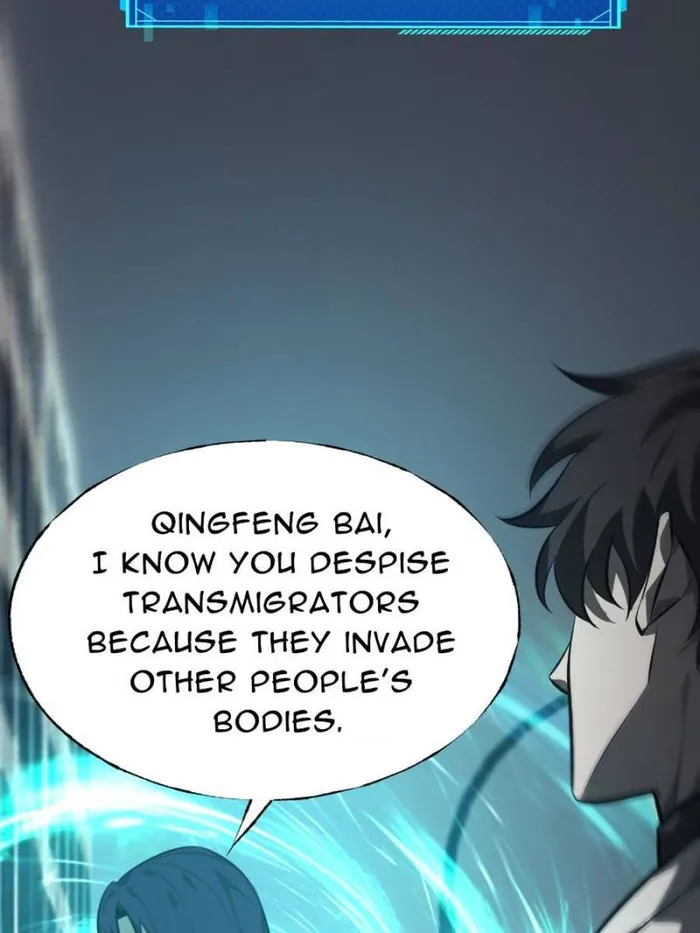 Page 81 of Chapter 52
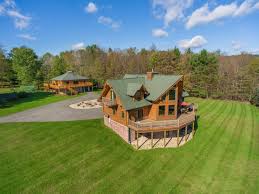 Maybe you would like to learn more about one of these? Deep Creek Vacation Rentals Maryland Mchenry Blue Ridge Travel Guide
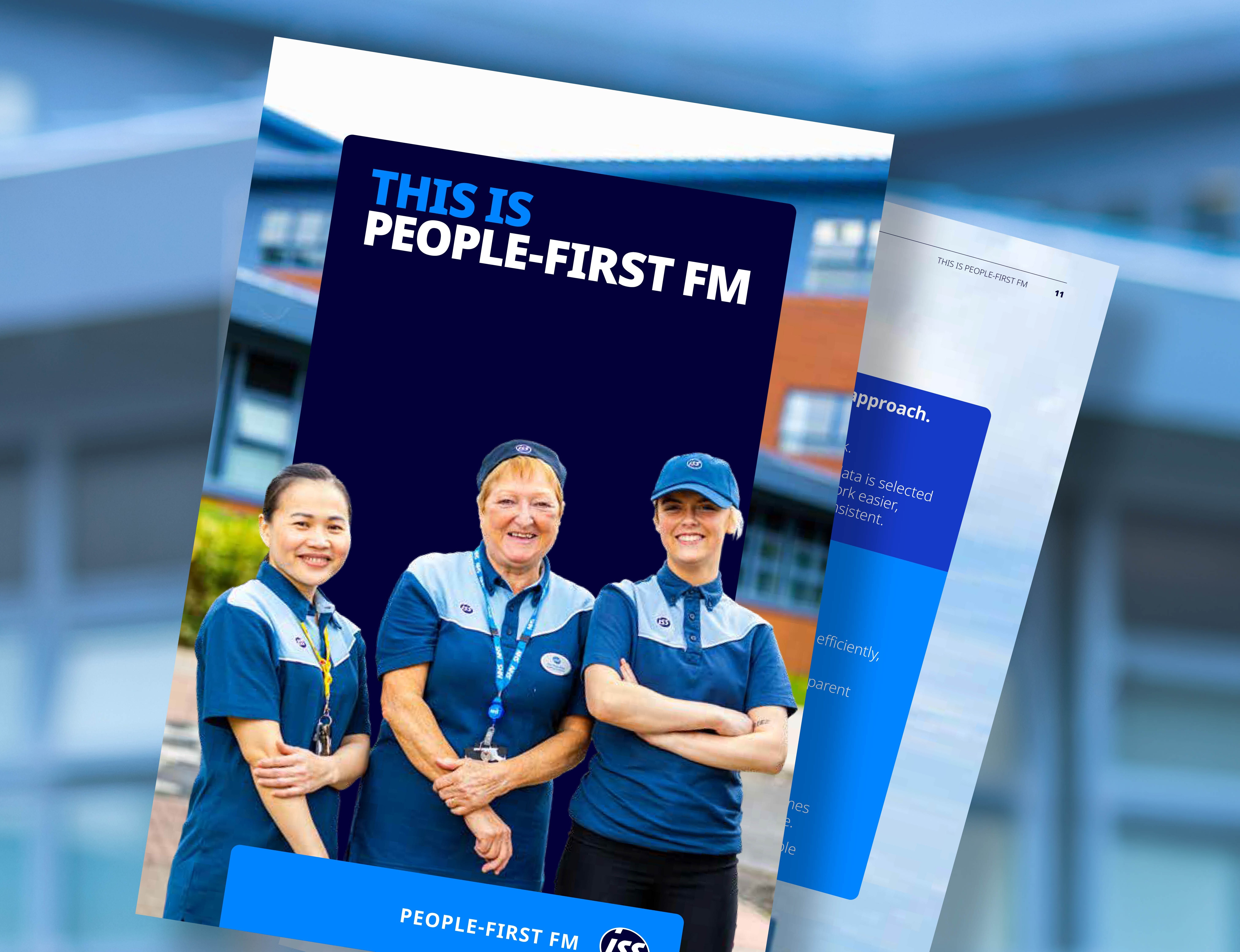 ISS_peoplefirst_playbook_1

☆ ☆ ☆ ☆ ☆ ☆ ☆

I'd like the material repeated word for word, without the pictures it holds.

 Page 81 of Chapter 52
 Maybe you would like to learn more about one of these? Deep Creek Vacation Rentals Maryland Mchenry Blue Ridge Travel Guide
 ISS_peoplefirst_playbook_1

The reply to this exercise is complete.